# TT Body repair what would you do



## G'D60 (Mar 11, 2002)

Gents, 

So My TT has some rust. I know crazy right? Tried to get warranty to cover it but the panel has to rust through and the hole has to be bigger than a pencil. Eff you Audi. 

Anyway. Still want to fix this rust issue but I'm wondering what will be more cost effective. The area effected is the passenger rear quarter panel. The rust is all along the wheel well. I've also noticed a rust bubble starting where the rear window meets the quarter panel (in the corner) So what do you guys think is the easiest (cost effective) way to fix the issue. 

A) Take it to a shop, hope the can sand down to metal and build up the quarter panel again? ($$) 
B) Find a replacement panel and get them to put it in ($) 
C) worse comes to worse they need new metal they can use the arc from on of my old fenders and splice it into the existing quarter panel ($$$$) 

I'd assume replacing the panel would be easiest for the body shop and probably most cost effective if I could source it myself. My question to the guru's is: 

How would one go about removing that panel? is the a write up somewhere? 

What do you guys think would be the best way to fix rust in these areas. I have a line on possibly 2 panels that are in good shape that happen to be the same color as my car... 

Whats the best way to tackle this issue? 

Pic for reference (Car is NOT mine) 










The red area is where rust is bubbling through. Yellow is the panel in question except I need it on the passenger side (Gas cap side)


----------



## speed51133! (Aug 5, 2002)

change your "replace panel" option to about five "$" symbols. 

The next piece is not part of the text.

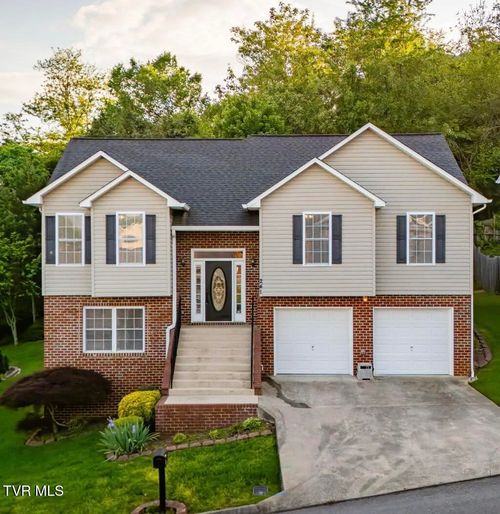 241 Stone Edge Cir, Kingsport, TN, 37660-3490 | Card Image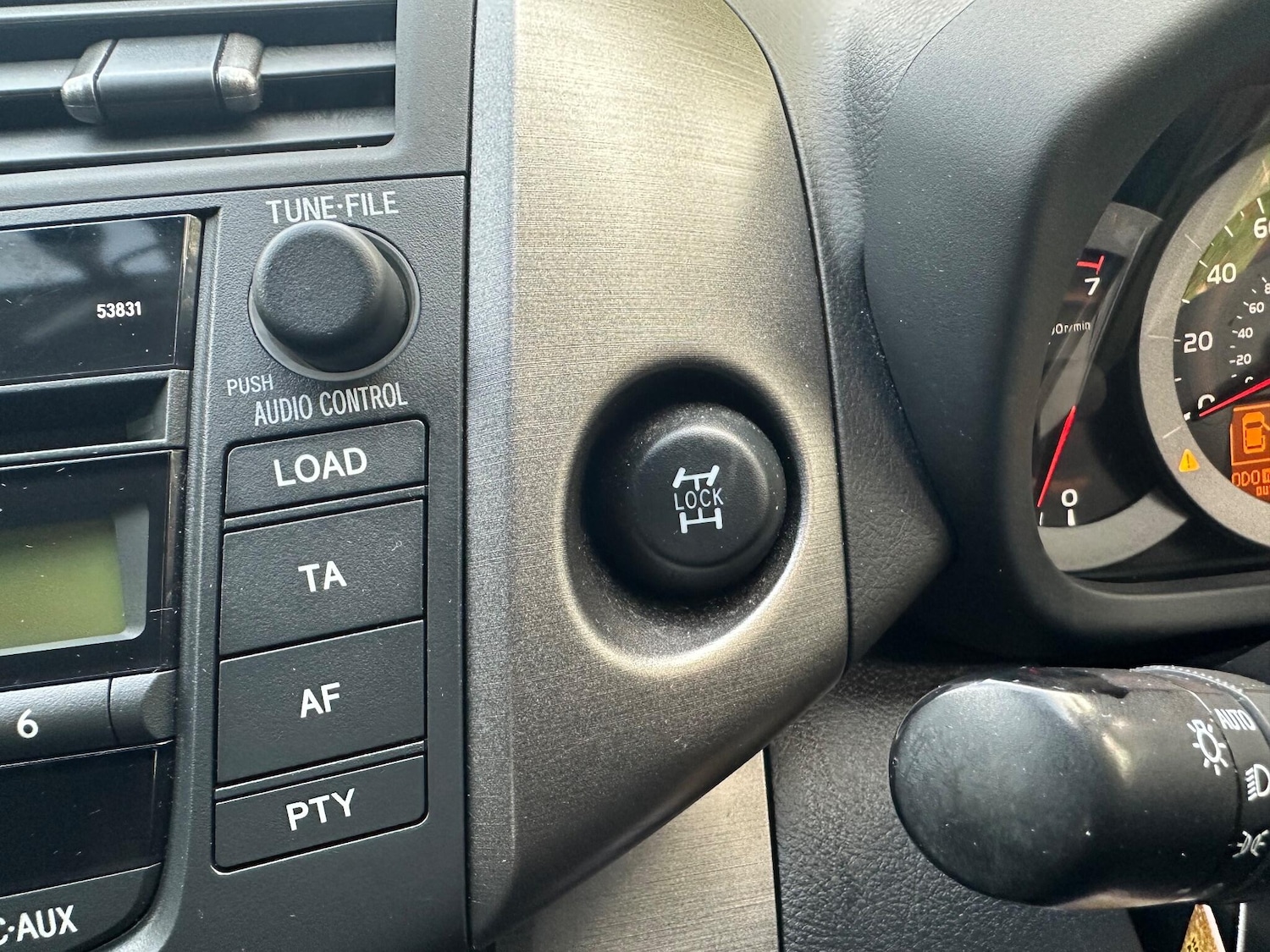 Used Toyota RAV4 for sale - 76523289: Photo 28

Those are not replaceable panels. They are part of the unibody. So you need to cut them and weld in new metal that has been hand-formed or cut out of an existing car. BOTH options will be VERY costly.


----------



## warranty225cpe (Dec 3, 2008)

Take it to whatever body shop you trust, and see what they have to say.


----------



## 18T_BT (Sep 15, 2005)

Jiabano


----------



## G'D60 (Mar 11, 2002)

18T_BT said:


> Jiabano


 Does this mean I'm more or less screwed? lol


----------



## PLAYED TT (Oct 17, 2010)

Take it to a shop and let them deal with it lol. It will cost you but youll never know how bad it is without an experts knowledge. AKA none of us but a few know squat about body work:laugh:


----------



## hunTTsvegas (Aug 27, 2012)

Like mentioned above, take it to professionals to get an "estimate." I'm also a fan of going to multiple reputable shops to have them all give an estimate and then start working those estimates to get prices down between competitors. Always an option. 

:beer:


----------



## Codenamecody (Feb 14, 2013)

I'm no expert, but I think the way to fix it would be to cut out the problem areas and weld in new metal. If there's enough metal there, welding might not even be nessesary. Just filler and fiberglass maybe? I'm not sure all of what they use. Anyway, it probably isn't as expensive as you think, you could probably get the whole thing done for less than a grand. Look around at "mom and pop" body shops; they tend to have better prices. They will probably have to spray that whole panel, and thats 500 bucks right there. Then you got the time it takes to make the repair, that really depends on the extent of the damage. Rust goes fast so do it sooner rather than later! 

Good Luck!


----------



## 18T_BT (Sep 15, 2005)

G'D60 said:


> Does this mean I'm more or less screwed? lol


 http://forums.quattroworld.com/other/msgs/2089295.phtml


----------



## [email protected] (May 14, 2009)

Best way is to replace the whole panel. Repair cost will be at least $1500 to $2500 to be done right with paint. Rust never sleeps! 

Cutting the affected section out and welding in a new piece is what most auto body shops will do. Then they will coat it with some filler and block it out to the original contours. Then they will paint.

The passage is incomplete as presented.